Extracted records:
--

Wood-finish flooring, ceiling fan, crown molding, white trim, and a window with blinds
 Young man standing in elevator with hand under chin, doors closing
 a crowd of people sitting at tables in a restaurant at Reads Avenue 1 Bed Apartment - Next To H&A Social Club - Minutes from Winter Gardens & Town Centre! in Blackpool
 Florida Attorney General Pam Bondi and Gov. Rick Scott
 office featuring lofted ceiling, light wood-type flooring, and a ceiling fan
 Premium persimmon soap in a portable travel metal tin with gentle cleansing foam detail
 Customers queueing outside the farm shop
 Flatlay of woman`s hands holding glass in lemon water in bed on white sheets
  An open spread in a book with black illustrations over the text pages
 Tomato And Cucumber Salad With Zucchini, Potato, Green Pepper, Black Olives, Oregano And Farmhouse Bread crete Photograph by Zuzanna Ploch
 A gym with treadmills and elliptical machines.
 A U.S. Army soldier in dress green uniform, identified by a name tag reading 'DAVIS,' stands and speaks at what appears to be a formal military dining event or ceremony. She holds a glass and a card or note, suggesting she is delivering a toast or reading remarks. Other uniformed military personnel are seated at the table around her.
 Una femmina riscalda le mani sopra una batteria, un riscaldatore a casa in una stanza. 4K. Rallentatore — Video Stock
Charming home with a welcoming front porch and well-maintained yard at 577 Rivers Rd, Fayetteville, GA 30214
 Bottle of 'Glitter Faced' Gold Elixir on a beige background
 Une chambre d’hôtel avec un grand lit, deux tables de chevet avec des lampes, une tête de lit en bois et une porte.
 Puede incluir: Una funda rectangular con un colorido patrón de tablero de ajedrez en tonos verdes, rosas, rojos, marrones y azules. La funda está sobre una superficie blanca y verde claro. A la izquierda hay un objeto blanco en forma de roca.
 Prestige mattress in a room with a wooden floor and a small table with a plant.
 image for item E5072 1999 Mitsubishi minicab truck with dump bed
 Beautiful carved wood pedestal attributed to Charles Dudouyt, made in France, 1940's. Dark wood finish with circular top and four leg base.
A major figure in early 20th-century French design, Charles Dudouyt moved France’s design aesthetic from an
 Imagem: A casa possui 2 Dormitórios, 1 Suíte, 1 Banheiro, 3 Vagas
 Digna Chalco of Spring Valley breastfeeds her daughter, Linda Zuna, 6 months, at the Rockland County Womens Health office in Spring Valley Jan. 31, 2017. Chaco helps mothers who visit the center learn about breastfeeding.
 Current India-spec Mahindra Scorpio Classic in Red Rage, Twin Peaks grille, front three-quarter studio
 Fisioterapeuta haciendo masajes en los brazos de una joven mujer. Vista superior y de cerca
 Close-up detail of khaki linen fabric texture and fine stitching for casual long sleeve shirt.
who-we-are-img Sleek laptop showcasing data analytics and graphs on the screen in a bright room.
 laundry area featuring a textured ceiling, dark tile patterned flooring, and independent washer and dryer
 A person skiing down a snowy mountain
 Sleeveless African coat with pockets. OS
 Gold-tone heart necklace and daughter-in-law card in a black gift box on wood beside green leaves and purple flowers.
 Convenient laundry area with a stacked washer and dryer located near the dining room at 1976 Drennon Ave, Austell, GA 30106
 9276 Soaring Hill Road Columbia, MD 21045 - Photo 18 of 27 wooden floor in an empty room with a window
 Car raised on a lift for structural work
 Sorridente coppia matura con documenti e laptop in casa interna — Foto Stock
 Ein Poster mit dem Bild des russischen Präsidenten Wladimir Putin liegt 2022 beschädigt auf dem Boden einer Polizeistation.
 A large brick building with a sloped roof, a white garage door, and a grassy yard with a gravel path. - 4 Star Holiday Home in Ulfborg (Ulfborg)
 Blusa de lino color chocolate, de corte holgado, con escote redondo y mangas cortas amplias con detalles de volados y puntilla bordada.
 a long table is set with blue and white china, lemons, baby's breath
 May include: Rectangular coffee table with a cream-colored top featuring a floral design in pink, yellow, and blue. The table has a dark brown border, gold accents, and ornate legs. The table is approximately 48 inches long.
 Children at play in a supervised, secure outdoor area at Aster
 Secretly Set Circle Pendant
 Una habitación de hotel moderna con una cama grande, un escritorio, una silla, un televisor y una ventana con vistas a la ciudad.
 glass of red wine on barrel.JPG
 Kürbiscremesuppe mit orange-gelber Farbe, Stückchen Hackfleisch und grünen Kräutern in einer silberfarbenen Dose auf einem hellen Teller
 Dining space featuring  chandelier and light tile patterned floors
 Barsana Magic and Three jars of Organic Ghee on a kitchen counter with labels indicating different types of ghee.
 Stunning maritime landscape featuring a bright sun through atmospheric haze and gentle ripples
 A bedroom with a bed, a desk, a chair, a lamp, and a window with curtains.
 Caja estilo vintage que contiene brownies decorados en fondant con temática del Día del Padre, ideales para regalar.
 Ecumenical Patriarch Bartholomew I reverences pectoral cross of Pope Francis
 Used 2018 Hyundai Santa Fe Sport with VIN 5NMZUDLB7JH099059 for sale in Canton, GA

--

**Work item:** Each record above should be reproduced in full, exactly as it stands.

**Solution to this problem:**
Wood-finish flooring, ceiling fan, crown molding, white trim, and a window with blinds
 Young man standing in elevator with hand under chin, doors closing
 a crowd of people sitting at tables in a restaurant at Reads Avenue 1 Bed Apartment - Next To H&A Social Club - Minutes from Winter Gardens & Town Centre! in Blackpool
 Florida Attorney General Pam Bondi and Gov. Rick Scott
 office featuring lofted ceiling, light wood-type flooring, and a ceiling fan
 Premium persimmon soap in a portable travel metal tin with gentle cleansing foam detail
 Customers queueing outside the farm shop
 Flatlay of woman`s hands holding glass in lemon water in bed on white sheets
  An open spread in a book with black illustrations over the text pages
 Tomato And Cucumber Salad With Zucchini, Potato, Green Pepper, Black Olives, Oregano And Farmhouse Bread crete Photograph by Zuzanna Ploch
 A gym with treadmills and elliptical machines.
 A U.S. Army soldier in dress green uniform, identified by a name tag reading 'DAVIS,' stands and speaks at what appears to be a formal military dining event or ceremony. She holds a glass and a card or note, suggesting she is delivering a toast or reading remarks. Other uniformed military personnel are seated at the table around her.
 Una femmina riscalda le mani sopra una batteria, un riscaldatore a casa in una stanza. 4K. Rallentatore — Video Stock
Charming home with a welcoming front porch and well-maintained yard at 577 Rivers Rd, Fayetteville, GA 30214
 Bottle of 'Glitter Faced' Gold Elixir on a beige background
 Une chambre d’hôtel avec un grand lit, deux tables de chevet avec des lampes, une tête de lit en bois et une porte.
 Puede incluir: Una funda rectangular con un colorido patrón de tablero de ajedrez en tonos verdes, rosas, rojos, marrones y azules. La funda está sobre una superficie blanca y verde claro. A la izquierda hay un objeto blanco en forma de roca.
 Prestige mattress in a room with a wooden floor and a small table with a plant.
 image for item E5072 1999 Mitsubishi minicab truck with dump bed
 Beautiful carved wood pedestal attributed to Charles Dudouyt, made in France, 1940's. Dark wood finish with circular top and four leg base.
A major figure in early 20th-century French design, Charles Dudouyt moved France’s design aesthetic from an
 Imagem: A casa possui 2 Dormitórios, 1 Suíte, 1 Banheiro, 3 Vagas
 Digna Chalco of Spring Valley breastfeeds her daughter, Linda Zuna, 6 months, at the Rockland County Womens Health office in Spring Valley Jan. 31, 2017. Chaco helps mothers who visit the center learn about breastfeeding.
 Current India-spec Mahindra Scorpio Classic in Red Rage, Twin Peaks grille, front three-quarter studio
 Fisioterapeuta haciendo masajes en los brazos de una joven mujer. Vista superior y de cerca
 Close-up detail of khaki linen fabric texture and fine stitching for casual long sleeve shirt.
who-we-are-img Sleek laptop showcasing data analytics and graphs on the screen in a bright room.
 laundry area featuring a textured ceiling, dark tile patterned flooring, and independent washer and dryer
 A person skiing down a snowy mountain
 Sleeveless African coat with pockets. OS
 Gold-tone heart necklace and daughter-in-law card in a black gift box on wood beside green leaves and purple flowers.
 Convenient laundry area with a stacked washer and dryer located near the dining room at 1976 Drennon Ave, Austell, GA 30106
 9276 Soaring Hill Road Columbia, MD 21045 - Photo 18 of 27 wooden floor in an empty room with a window
 Car raised on a lift for structural work
 Sorridente coppia matura con documenti e laptop in casa interna — Foto Stock
 Ein Poster mit dem Bild des russischen Präsidenten Wladimir Putin liegt 2022 beschädigt auf dem Boden einer Polizeistation.
 A large brick building with a sloped roof, a white garage door, and a grassy yard with a gravel path. - 4 Star Holiday Home in Ulfborg (Ulfborg)
 Blusa de lino color chocolate, de corte holgado, con escote redondo y mangas cortas amplias con detalles de volados y puntilla bordada.
 a long table is set with blue and white china, lemons, baby's breath
 May include: Rectangular coffee table with a cream-colored top featuring a floral design in pink, yellow, and blue. The table has a dark brown border, gold accents, and ornate legs. The table is approximately 48 inches long.
 Children at play in a supervised, secure outdoor area at Aster
 Secretly Set Circle Pendant
 Una habitación de hotel moderna con una cama grande, un escritorio, una silla, un televisor y una ventana con vistas a la ciudad.
 glass of red wine on barrel.JPG
 Kürbiscremesuppe mit orange-gelber Farbe, Stückchen Hackfleisch und grünen Kräutern in einer silberfarbenen Dose auf einem hellen Teller
 Dining space featuring  chandelier and light tile patterned floors
 Barsana Magic and Three jars of Organic Ghee on a kitchen counter with labels indicating different types of ghee.
 Stunning maritime landscape featuring a bright sun through atmospheric haze and gentle ripples
 A bedroom with a bed, a desk, a chair, a lamp, and a window with curtains.
 Caja estilo vintage que contiene brownies decorados en fondant con temática del Día del Padre, ideales para regalar.
 Ecumenical Patriarch Bartholomew I reverences pectoral cross of Pope Francis
 Used 2018 Hyundai Santa Fe Sport with VIN 5NMZUDLB7JH099059 for sale in Canton, GA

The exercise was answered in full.